He said: “As an organisation, we could do better at being inclusive.
“It is important that we have the maturity and courage to look at these things.
“If the conclusion is to maintain the status quo then we have at least reflected on the debate. If we maintain God and the Queen bits of the promise, that will upset some people, and if we decide to remove them from the promise, which would clearly be a fundamental step, then we’ll upset a whole pile of other people. It’s not exactly a win-win situation but never the less we do have a responsibility to reflect.
“If 90% of members say we should extend the option of an alternative promise that expresses statehood in a different way, then fine, but we have to bear in mind that the Queen is our patron.”
Mr Haddock also revealed that Tricia Marwick, the MSP for Mid Fife and Glenrothes, had raised the issue of the promise with him following a complaint from a constituent.
But Scout bosses in London insisted there was “no plans” to change the oath, which is taken by the organisations 525,000 members, and would not say wheter it was under review.
But Mr Haddock said the pledge was being looked at on a national level, and a result was expected next summer.
He said: “We are currently in the throes of a review. The first stage is complete, and the issue for next summer is pretty much the oath, what we call the promise. It’s being considered at the current time.”
Currently all members swear “On my honour, I promise that I will do my best to do my duty to God and to the Queen to help other people and to keep the Scout Law.”
However foreign nationals are allowed to swear allegiance to “the county in which I am now living” and non-Christians can change “God” to be appropriate for their religion.

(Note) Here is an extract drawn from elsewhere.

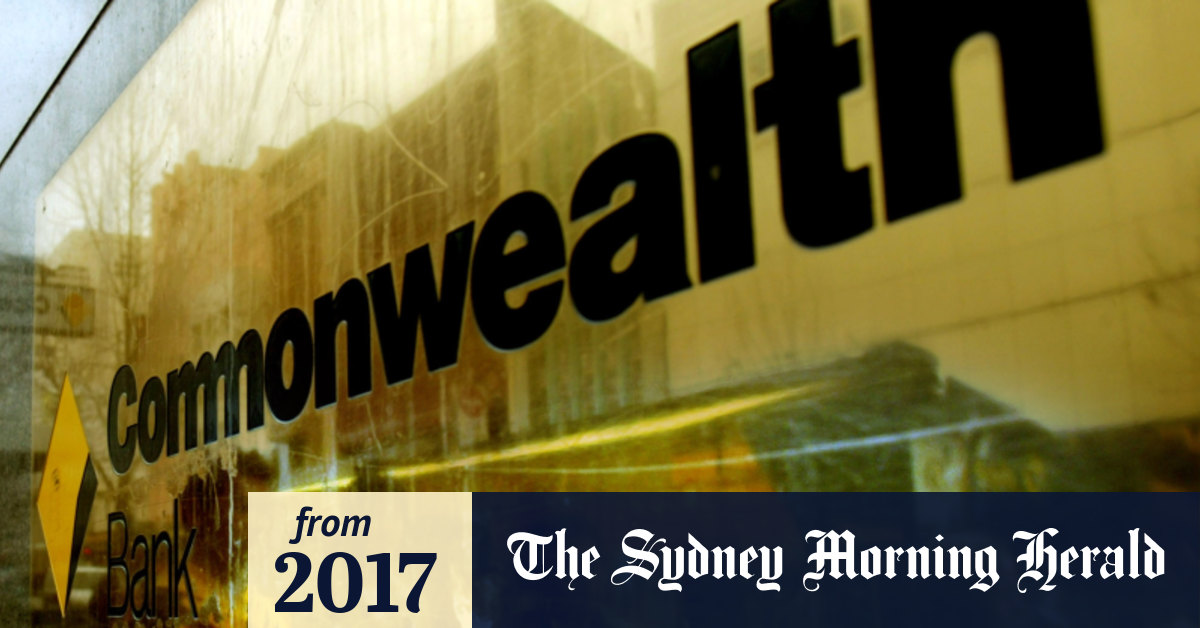 Commonwealth Bank Faces Claim It Owes Millions Of Dollars In Unpaid Super To Part Time Workers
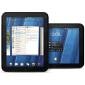 HP TouchPad and WebOS 3.0 Rumored to Get Earlier Release, Possibly in April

The revelation will raise hopes of a more adaptable oath, with an opt-out for those who disagree with monarchism or who have no religious feeling.
Last week the National Secular Society wrote to the UK’s chief Scout, adventurer Bear Grylls, to ask him to back a more inclusive version of the oath.
They said many children form atheist families are discriminated against.
The Scout movement started in 1907 by Robert Baden-Powell and had more than 41,000 members in Scotland and a worldwide membership of 31 million.